On May 23, 4:03*pm, David Staup wrote:
On 5/23/2013 4:06 AM, Martin Brown wrote:



On 23/05/2013 09:46, Dave Liquorice wrote:
On Thu, 23 May 2013 09:16:50 +0100, Martin Brown wrote:


The other thing it could have been although they are not normally quite
as bright as you have implied here are Iridium satellite flares.


Good point but they are very restricted on where they are visible
from. IIRC
the track is only a few miles wide at best and we have a couple of other
widely spaced reports of a similar event at the same time.


Yes. The brightness falls off very rapidly away from the ground track.
They are still quite fun if you get a -8 mag one. -12.5 is a fullmoon.

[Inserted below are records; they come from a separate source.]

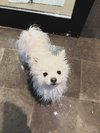 【ご宿泊のお客さま】さとるちゃん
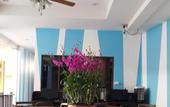 Туры в отель MT Hotel Patong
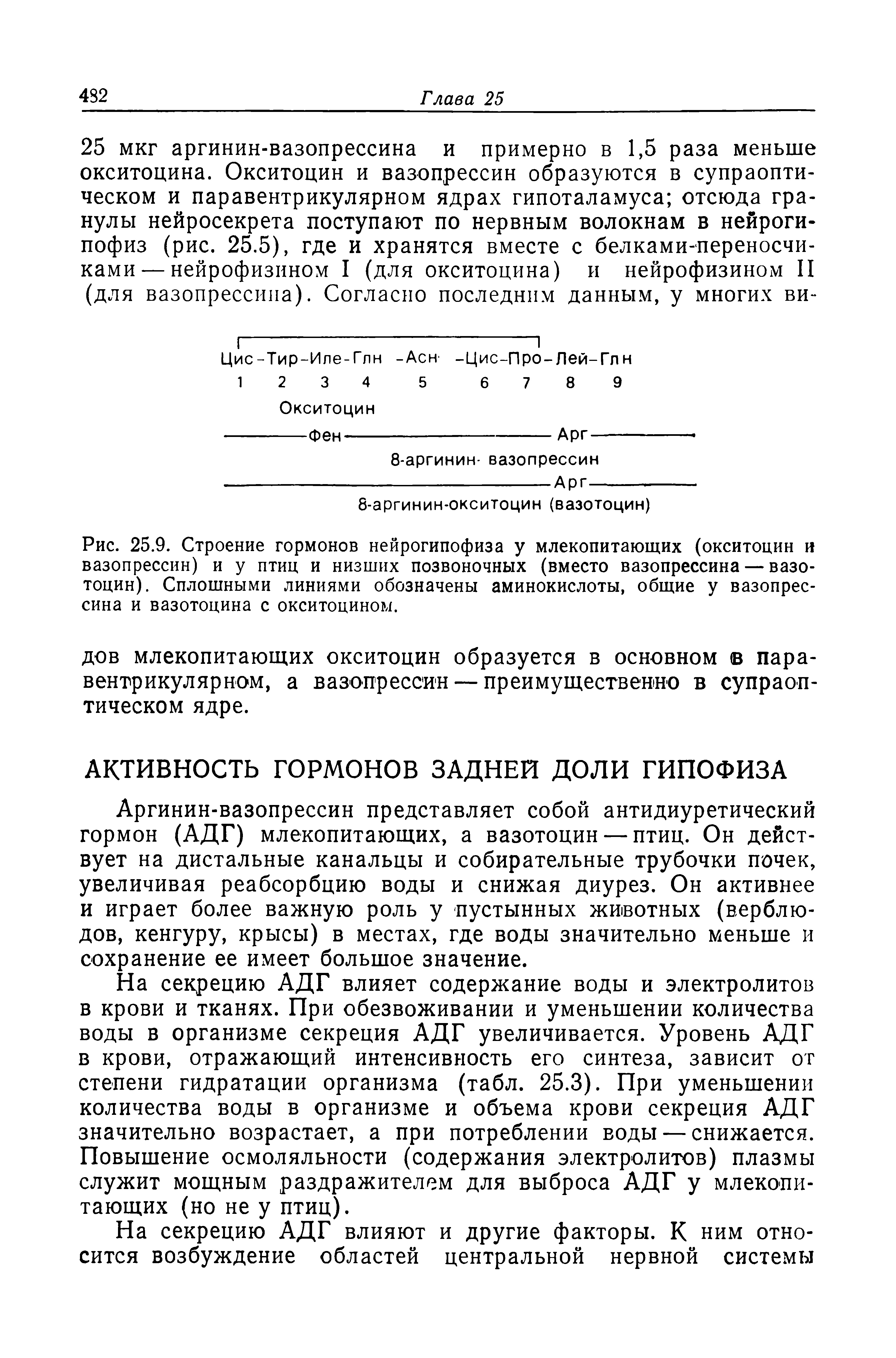 Рис. 25.9. Строение гормонов нейрогипофиза у млекопитающих (окситоцин и вазопрессин) и у птиц и низших позвоночных (вместо вазопрессина — вазотоцин). Сплошными линиями обозначены аминокислоты, общие у вазопрессина и вазотоцина с окситоцином.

My only reason for suggesting it was the no smoke trail. Most really
bright meteors I have ever seen had one that persisted for a few seconds
and with a moonlit sky should have been seen for even longer.


IF the object was comming directly towards you and did not penatrate the
atmosphere to far you may not have seen the trail.


Silly boy. All meteorites come down at an hell of an angle, don't you
ever watch Hollywood films?

All except the ones that hit the moon of course -and those gianormous
craters that kill dinosaurs. They invariably fall very close to the
perpendicular. Everyone knows that. Even dinosaurs.